Levez les yeux au ciel… Vous ne les voyez pas, pourtant des milliards de données transitent au-dessus de nos têtes. Avec la puissance décuplée des télescopes, l’astrophysique n’a d’autres choix que de recourir à l’intelligence artificielle pour faire face à cette avalanche de données. Objectifs : découvrir de nouvelles galaxies, comprendre la matière noire et pourquoi pas, esquisser les origines de l’humanité.
« L’intelligence artificielle permet d’accélérer les simulations, de les rendre plus précises et plus exactes », explique Laurence Perreault-Levasseur. En tant que professeure adjointe à l’Université de Montréal et membre associée de Mila, elle animait le 8 mai dernier, le colloque 204 du 90ème congrès de l’ACFAS, consacré aux mégadonnées de la cosmologie et de l’astrophysique.

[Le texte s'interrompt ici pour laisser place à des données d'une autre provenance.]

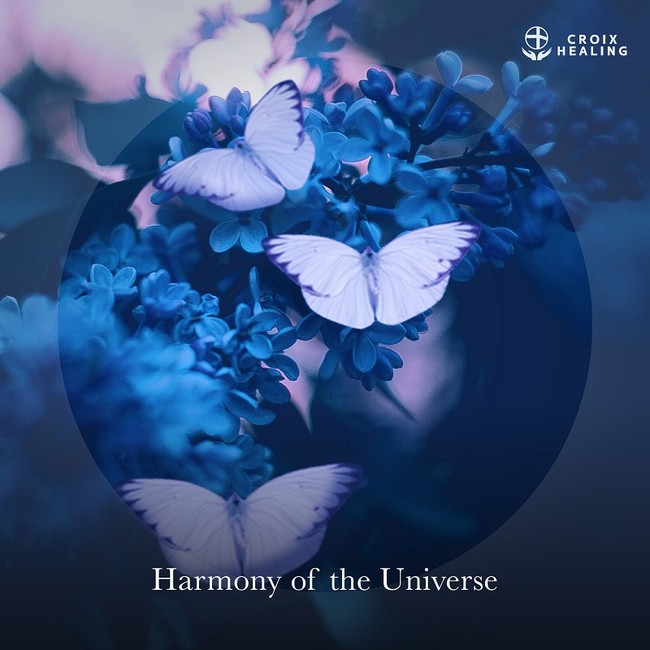 Harmony of the Universe Harmony of the Universe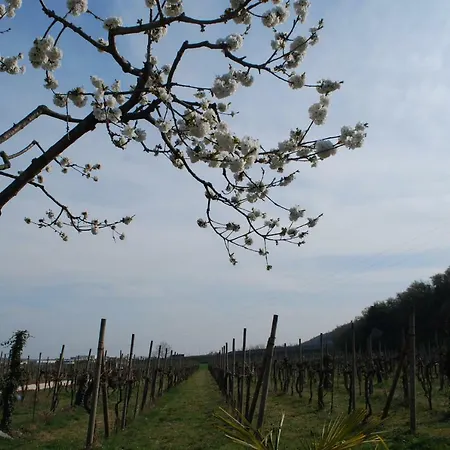 Farm stay Il Rovere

Selon elle, l’apport de l’intelligence artificielle (IA) « ouvre un univers de possibilités en termes d’analyse de données ». Par exemple, à partir de l’observation de la position des planètes et des lunes du système solaire, on peut entrainer une IA à découvrir la loi de la gravité de Newton et faire des prédictions pour la position future des planètes. « C’est extrêmement prometteur », assure la scientifique.
ASTROPHYSIQUE: UNE AVALANCHE DE DONNÉES
L’astrophysique devient un joueur majeur de l’intelligence artificielle, tant les volumes de données sont de plus en plus colossaux. Le télescope à infrarouge James Webb, capable de détecter les signatures chimiques des images collectées dans l’univers, sera bientôt surclassé par des télescopes générant des milliards de données.
Télescope James Webb : une découverte qui déstabilise les scientifiques
Euclid, le télescope de l’agence spatiale européenne (ESA), dont le lancement est prévu en juillet 2023, sera capable d’observer deux milliards de galaxies. L’une de ses missions sera d’observer et d’étudier l’énergie sombre et la matière noire. « Si l’on veut les faire observer par la science citoyenne, il faudra attendre 50 ans », lâche David Elbaz, astrophysicien au Commissariat à l’Énergie Atomique en France (CEA), au cours d’une conférence en mai 2022.
La caméra en cours de construction à l’observatoire Vera Rubin sera la plus grande et la plus précise jamais construite, avec un capteur numérique de 3,2 milliards de pixels. On pourra ainsi voir des sources de lumière indétectable à l’œil humain.
Le télescope Vera Rubin sera capable d’observer 20 milliards de galaxies et de traiter 20 teraoctets par nuit. Cinq siècles seraient nécessaires au traitement traditionnel des données.
Le télescope de cet observatoire sera capable d’observer 20 milliards de galaxies et de traiter 20 teraoctets par nuit. Cinq siècles seraient nécessaires au traitement traditionnel des données. L’IA devient alors essentielle, d’autant que l’Univers est toujours en expansion.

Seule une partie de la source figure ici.